- Born: 1933 Canton, China
- Died: 22 July 2008 Regina, Saskatchewan
- Known for: painter, sculptor
- Movement: Rogerism, modernism, abstract art, postmodern art

= Roger Ing =

Roger Ing (1933 - 22 July 2008) was a Chinese Canadian artist.

Born in Canton, China, he emigrated to Regina, Saskatchewan, Canada in 1950 at the age of 12.

Roger was well known as the owner of the New Utopia Cafe, a popular gathering place for locals and artists in Regina's North Central neighborhood. Through the 1980s and 90s, the New Utopia Cafe was a gathering place for Regina's visual artists including Regina Five artist Arthur McKay, sculptor Joe Fafard, multimedia artist Edward Poitras, painters Ernest Klinger, Sally Hui, Daniel E. Sali, Jack Severson and Lynda Walker and photographers Tom Bartlett and Jason Weedmark.

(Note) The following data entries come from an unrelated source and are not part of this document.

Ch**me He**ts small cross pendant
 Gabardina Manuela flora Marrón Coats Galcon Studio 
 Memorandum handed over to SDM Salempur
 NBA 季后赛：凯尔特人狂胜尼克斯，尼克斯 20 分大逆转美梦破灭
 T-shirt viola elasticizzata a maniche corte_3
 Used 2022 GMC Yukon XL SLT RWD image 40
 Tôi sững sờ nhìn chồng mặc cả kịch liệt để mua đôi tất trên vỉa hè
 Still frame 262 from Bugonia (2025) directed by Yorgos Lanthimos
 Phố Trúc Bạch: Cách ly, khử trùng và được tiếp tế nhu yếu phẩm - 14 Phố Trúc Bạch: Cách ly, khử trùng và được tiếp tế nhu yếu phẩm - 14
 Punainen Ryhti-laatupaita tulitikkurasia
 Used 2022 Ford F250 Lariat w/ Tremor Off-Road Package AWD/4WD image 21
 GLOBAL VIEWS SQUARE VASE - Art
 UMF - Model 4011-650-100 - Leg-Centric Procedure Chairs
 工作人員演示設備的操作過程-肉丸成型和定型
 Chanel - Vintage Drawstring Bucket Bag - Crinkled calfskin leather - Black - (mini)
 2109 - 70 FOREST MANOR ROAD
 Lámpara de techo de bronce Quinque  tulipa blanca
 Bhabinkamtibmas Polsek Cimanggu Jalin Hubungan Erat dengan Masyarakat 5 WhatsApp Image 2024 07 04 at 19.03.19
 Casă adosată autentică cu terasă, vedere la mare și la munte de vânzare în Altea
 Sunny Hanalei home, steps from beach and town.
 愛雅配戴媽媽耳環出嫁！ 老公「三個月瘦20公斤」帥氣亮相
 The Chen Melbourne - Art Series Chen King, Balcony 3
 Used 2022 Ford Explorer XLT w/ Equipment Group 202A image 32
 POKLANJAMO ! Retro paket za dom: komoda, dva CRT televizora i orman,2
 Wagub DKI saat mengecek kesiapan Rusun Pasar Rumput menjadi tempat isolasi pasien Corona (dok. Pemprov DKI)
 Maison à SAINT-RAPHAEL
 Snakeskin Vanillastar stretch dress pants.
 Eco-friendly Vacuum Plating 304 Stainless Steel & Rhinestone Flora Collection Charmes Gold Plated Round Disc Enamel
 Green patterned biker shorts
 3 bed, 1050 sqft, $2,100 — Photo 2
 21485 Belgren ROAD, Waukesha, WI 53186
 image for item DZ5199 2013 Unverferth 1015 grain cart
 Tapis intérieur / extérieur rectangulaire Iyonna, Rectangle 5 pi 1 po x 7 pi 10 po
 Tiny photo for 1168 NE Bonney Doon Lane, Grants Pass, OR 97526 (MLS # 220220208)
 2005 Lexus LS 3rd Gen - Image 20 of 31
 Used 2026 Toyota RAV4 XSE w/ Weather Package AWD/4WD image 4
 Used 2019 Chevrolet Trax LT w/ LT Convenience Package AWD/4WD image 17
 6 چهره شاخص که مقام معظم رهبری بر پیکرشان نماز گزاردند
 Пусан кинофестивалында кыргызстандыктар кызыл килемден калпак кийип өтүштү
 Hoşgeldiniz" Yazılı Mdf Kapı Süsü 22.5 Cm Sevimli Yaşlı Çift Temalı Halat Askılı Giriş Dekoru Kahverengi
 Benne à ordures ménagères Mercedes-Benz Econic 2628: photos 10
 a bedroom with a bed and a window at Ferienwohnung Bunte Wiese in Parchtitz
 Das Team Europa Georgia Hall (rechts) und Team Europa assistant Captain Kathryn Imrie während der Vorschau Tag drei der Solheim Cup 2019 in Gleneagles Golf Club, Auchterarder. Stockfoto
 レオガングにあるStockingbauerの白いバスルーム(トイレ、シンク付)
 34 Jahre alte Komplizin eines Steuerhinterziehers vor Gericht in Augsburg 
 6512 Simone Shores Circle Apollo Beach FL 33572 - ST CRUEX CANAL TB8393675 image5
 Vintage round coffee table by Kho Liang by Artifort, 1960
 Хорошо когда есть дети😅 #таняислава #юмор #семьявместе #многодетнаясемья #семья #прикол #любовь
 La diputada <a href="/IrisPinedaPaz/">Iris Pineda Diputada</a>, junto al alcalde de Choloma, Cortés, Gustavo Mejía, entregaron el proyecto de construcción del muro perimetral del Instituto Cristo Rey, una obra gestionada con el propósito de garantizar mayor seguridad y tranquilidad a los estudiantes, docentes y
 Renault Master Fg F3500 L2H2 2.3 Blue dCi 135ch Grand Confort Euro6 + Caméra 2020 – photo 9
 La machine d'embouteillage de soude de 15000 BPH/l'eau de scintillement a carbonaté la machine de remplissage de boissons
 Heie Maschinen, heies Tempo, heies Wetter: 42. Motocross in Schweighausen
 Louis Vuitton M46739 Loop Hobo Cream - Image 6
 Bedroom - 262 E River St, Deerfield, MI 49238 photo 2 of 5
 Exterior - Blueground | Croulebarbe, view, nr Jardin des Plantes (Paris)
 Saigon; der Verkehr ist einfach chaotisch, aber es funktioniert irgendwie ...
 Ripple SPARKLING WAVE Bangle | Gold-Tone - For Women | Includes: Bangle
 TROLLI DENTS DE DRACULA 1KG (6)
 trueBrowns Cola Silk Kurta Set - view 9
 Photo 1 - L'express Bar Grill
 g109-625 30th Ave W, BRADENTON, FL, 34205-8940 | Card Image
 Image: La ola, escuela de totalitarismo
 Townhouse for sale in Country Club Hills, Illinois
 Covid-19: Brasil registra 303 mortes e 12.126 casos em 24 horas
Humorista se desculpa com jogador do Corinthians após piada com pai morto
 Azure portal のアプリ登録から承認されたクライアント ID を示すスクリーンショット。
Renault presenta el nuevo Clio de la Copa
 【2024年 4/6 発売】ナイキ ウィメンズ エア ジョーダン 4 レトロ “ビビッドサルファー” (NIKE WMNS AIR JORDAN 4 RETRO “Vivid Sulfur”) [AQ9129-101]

The New Utopia Cafe, besides functioning as a gathering place, served as an Art gallery showcasing Roger's artwork and functioned as Roger's painting studio.

Roger Ing was featured on the Much Music program, Mike & Mike's Excellent X-Canada Adventures.

In 1998, he was given a solo exhibition at the MacKenzie Art Gallery. The gallery also has two of Roger's works in their collection.